DATASET CONTENT »
-----

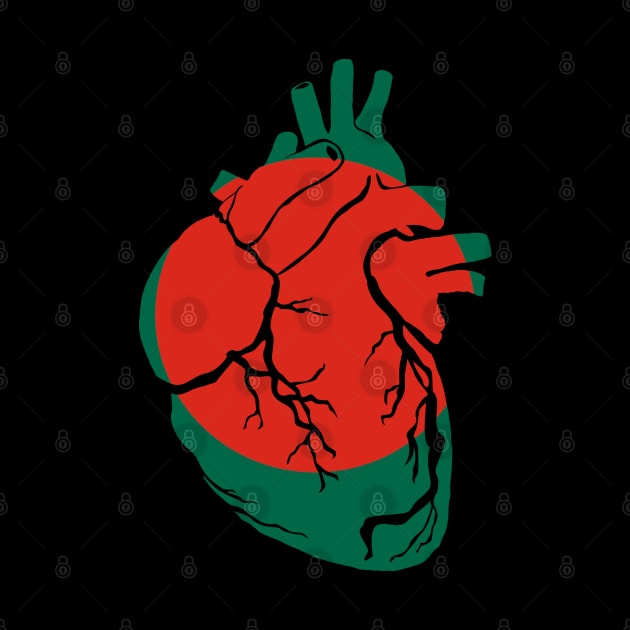 Bangladesh Flag, Anatomical Heart Design by Bun Art Store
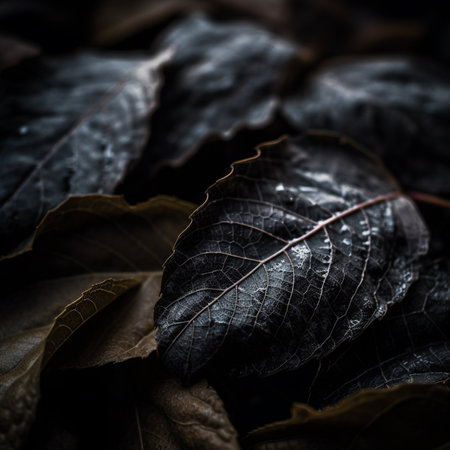 Black leaves background. Selective focus. Shallow depth of field. Toned.の素材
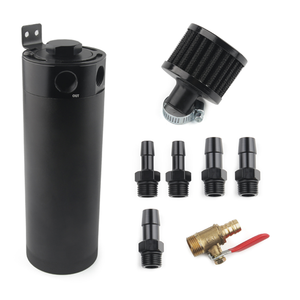 Aluminium Universal bingung 2-port tangki kaleng penangkap minyak panjang baru dengan Filter mesin pemisah minyak Mini - Product Image 1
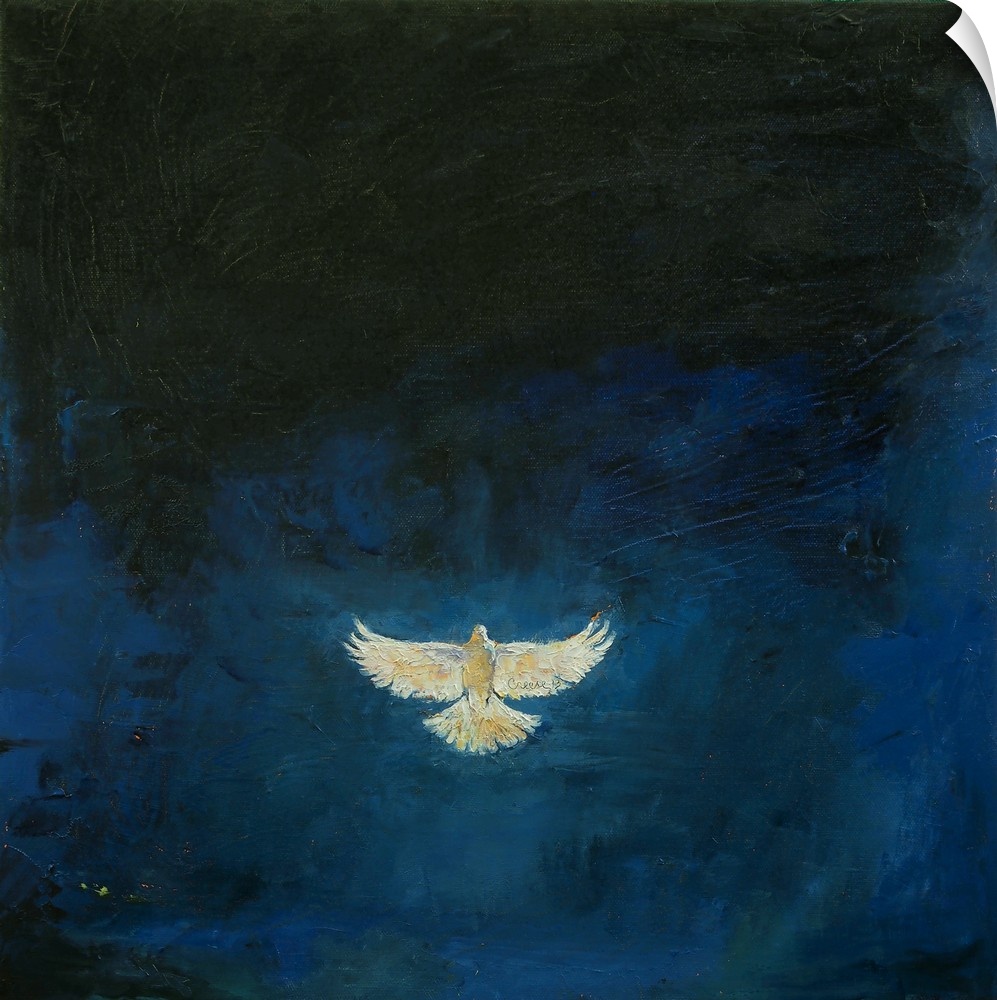 A contemporary painting of a white dove against a starry night sky.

-----

WHAT IS NEEDED » Beginning with the line that holds "Black leaves background." and ending with the last line of the material above, extract every line exactly, pictures excluded.

RESULT »
 Black leaves background. Selective focus. Shallow depth of field. Toned.の素材
 Aluminium Universal bingung 2-port tangki kaleng penangkap minyak panjang baru dengan Filter mesin pemisah minyak Mini - Product Image 1
 A contemporary painting of a white dove against a starry night sky.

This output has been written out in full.